* _REQUIRED ACTION_: Transcribe the records below word for word, leaving every picture out.

*** RECORDS TO USE ***

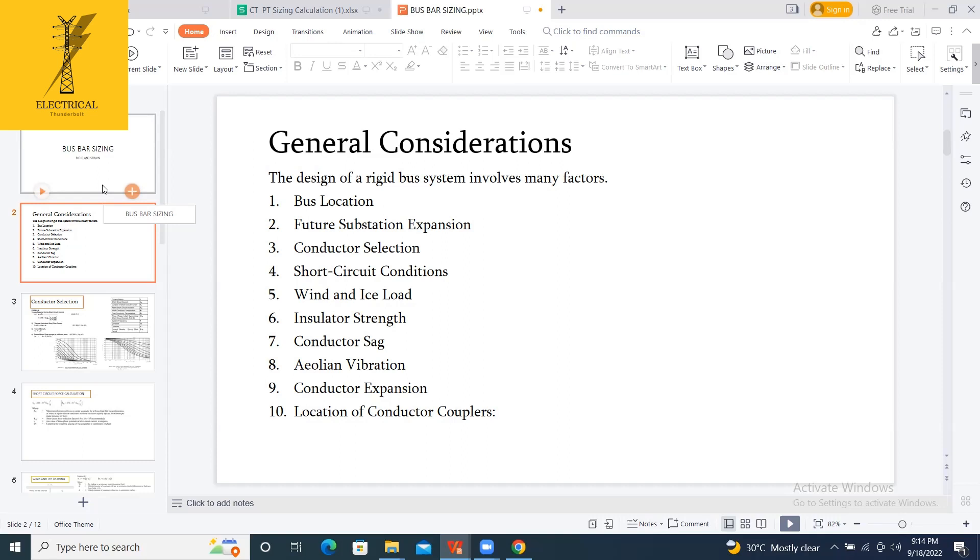And the third one is you have to select the conductor. The conductor here for the rigid is aluminum pipe, and for the strain it is a Bayer conductor or ACSR conductor or AAAC conductor, a general Bayer conductor for strain.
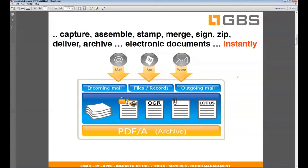ePDF has all the features that you would need to manage, maintain, assemble, process, secure, and redistribute electronic documents along all typical business processes or even industry-specific processes such as claims, filings, billing cycles or billing runs. Whether it is inbound or outbound, any type of processing can be enabled with ePDF.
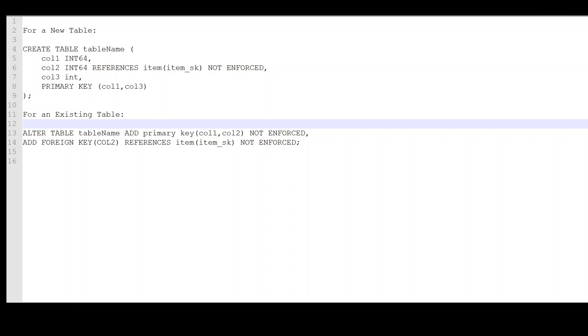In databases, whether they are BigQuery or any other database, joins are one of the most expensive operations, and a lot of query optimization techniques attempt to optimize them. That is why when primary key and foreign key constraints are used, the optimizer becomes more intelligent and more informed to create an optimal query execution path.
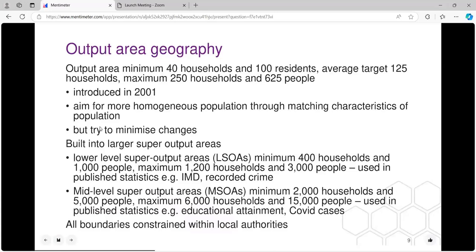Output areas have a particular size — a minimum of 40 households and maximum of 250 with a target in the middle. The aim was also to minimise changes so it's easy to see change over time, unlike electoral wards where boundary redraws lose that ability. Those output areas are used as building blocks up to lower layer super output areas, where statistics like the index of multiple deprivation and recorded crime are calculated.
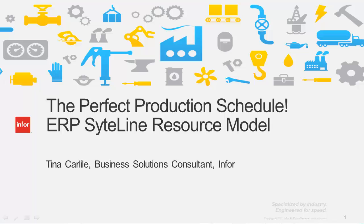Hello, my name is Tina Carlyle with Infor Global Solutions. Today we're going to talk about how to create the perfect production schedule using ERP Siteline.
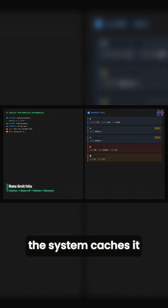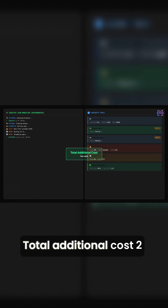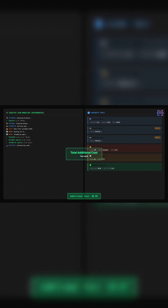Watch this. Same creative theme from pillar 3. But now, rate limits hit, the system caches it, backs off exponentially, retries, and recovers. Total additional cost: 2 cents.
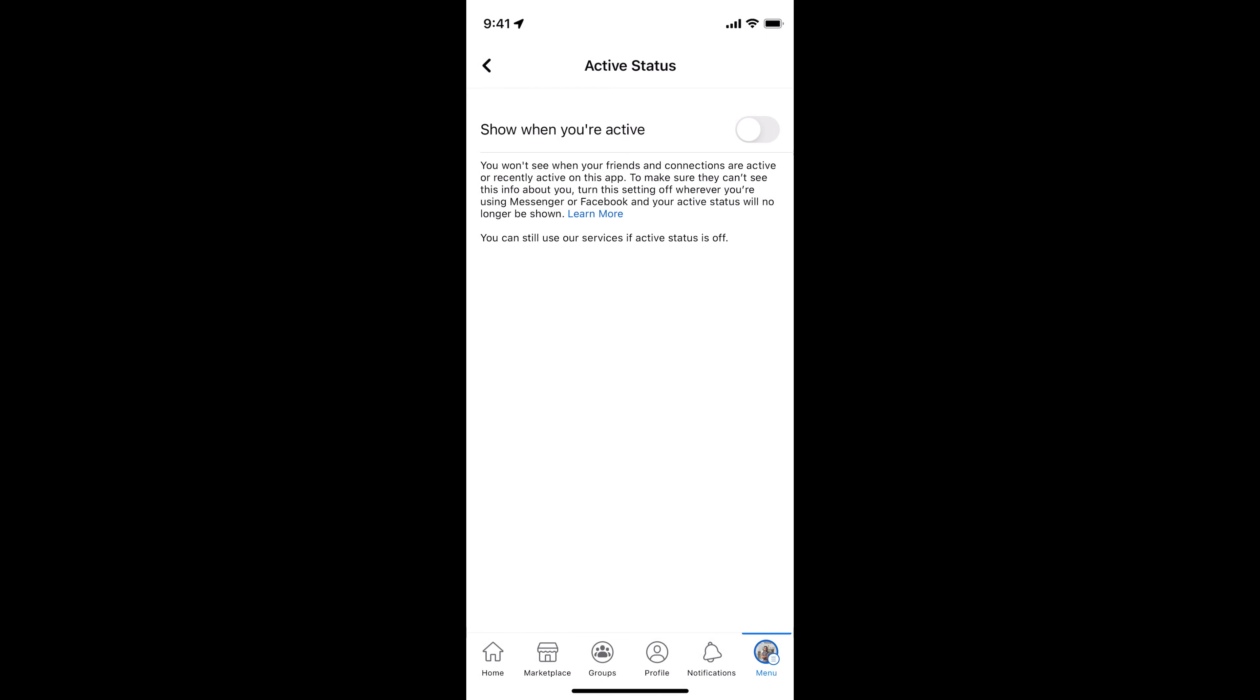So by doing so, you'll be able to appear offline on Facebook. But before you go, please like, subscribe, and share. Thank you.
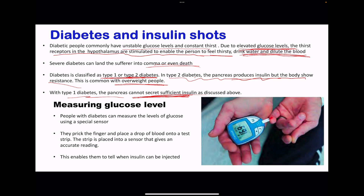Moving on to measuring glucose levels — people who are diabetic use a special glucose sensor. They prick their finger and place a drop of blood onto the test strip, and then the strip is placed into the sensor, which gives an accurate reading. This enables them to tell when to inject themselves with insulin. So this brings us to the end of this topic. Thank you for being with us.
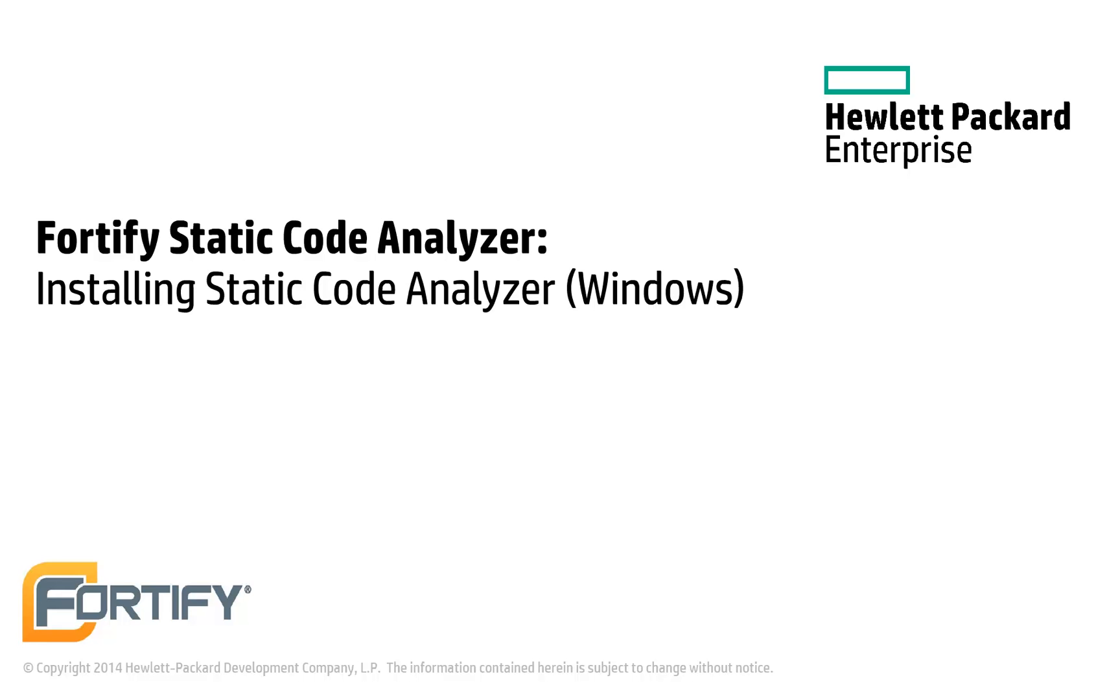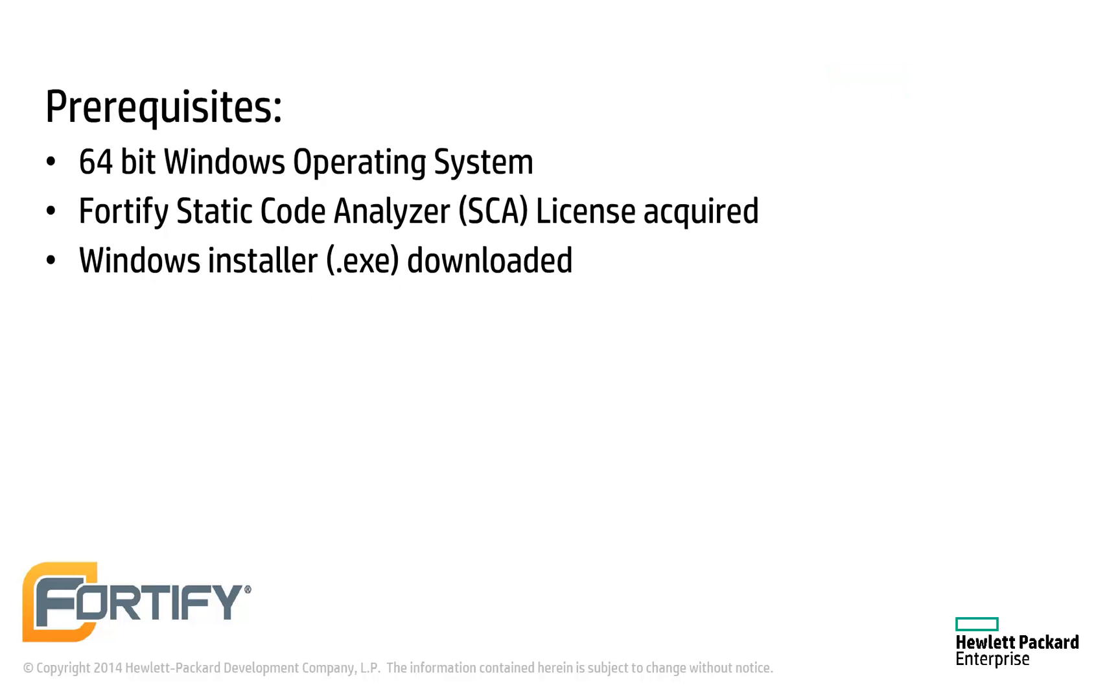Hello and welcome to this Hewlett Packard Enterprise Fortify video tutorial. Today we'll be looking at how to install the Static Code Analyzer on Windows-based machines. This video assumes that you're running the 64-bit version of Windows and you have downloaded both a valid license and the installer for the Static Code Analyzer.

***

* _REPLY TO THE TASK_:
And the third one is you have to select the conductor. The conductor here for the rigid is aluminum pipe, and for the strain it is a Bayer conductor or ACSR conductor or AAAC conductor, a general Bayer conductor for strain.
ePDF has all the features that you would need to manage, maintain, assemble, process, secure, and redistribute electronic documents along all typical business processes or even industry-specific processes such as claims, filings, billing cycles or billing runs. Whether it is inbound or outbound, any type of processing can be enabled with ePDF.
In databases, whether they are BigQuery or any other database, joins are one of the most expensive operations, and a lot of query optimization techniques attempt to optimize them. That is why when primary key and foreign key constraints are used, the optimizer becomes more intelligent and more informed to create an optimal query execution path.
Output areas have a particular size — a minimum of 40 households and maximum of 250 with a target in the middle. The aim was also to minimise changes so it's easy to see change over time, unlike electoral wards where boundary redraws lose that ability. Those output areas are used as building blocks up to lower layer super output areas, where statistics like the index of multiple deprivation and recorded crime are calculated.
Hello, my name is Tina Carlyle with Infor Global Solutions. Today we're going to talk about how to create the perfect production schedule using ERP Siteline.
Watch this. Same creative theme from pillar 3. But now, rate limits hit, the system caches it, backs off exponentially, retries, and recovers. Total additional cost: 2 cents.
So by doing so, you'll be able to appear offline on Facebook. But before you go, please like, subscribe, and share. Thank you.
Moving on to measuring glucose levels — people who are diabetic use a special glucose sensor. They prick their finger and place a drop of blood onto the test strip, and then the strip is placed into the sensor, which gives an accurate reading. This enables them to tell when to inject themselves with insulin. So this brings us to the end of this topic. Thank you for being with us.
Hello and welcome to this Hewlett Packard Enterprise Fortify video tutorial. Today we'll be looking at how to install the Static Code Analyzer on Windows-based machines. This video assumes that you're running the 64-bit version of Windows and you have downloaded both a valid license and the installer for the Static Code Analyzer.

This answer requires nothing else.